§ What you will do: Your answer should be the entries below, reproduced character for character.

(Beginning of Material provided)

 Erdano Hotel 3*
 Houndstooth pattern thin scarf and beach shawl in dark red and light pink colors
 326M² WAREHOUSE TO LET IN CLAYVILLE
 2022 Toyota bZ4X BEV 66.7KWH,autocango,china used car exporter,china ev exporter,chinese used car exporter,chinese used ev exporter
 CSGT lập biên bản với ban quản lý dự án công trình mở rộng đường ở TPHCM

(End of Material provided)

§ Reply:
 Erdano Hotel 3*
 Houndstooth pattern thin scarf and beach shawl in dark red and light pink colors
 326M² WAREHOUSE TO LET IN CLAYVILLE
 2022 Toyota bZ4X BEV 66.7KWH,autocango,china used car exporter,china ev exporter,chinese used car exporter,chinese used ev exporter
 CSGT lập biên bản với ban quản lý dự án công trình mở rộng đường ở TPHCM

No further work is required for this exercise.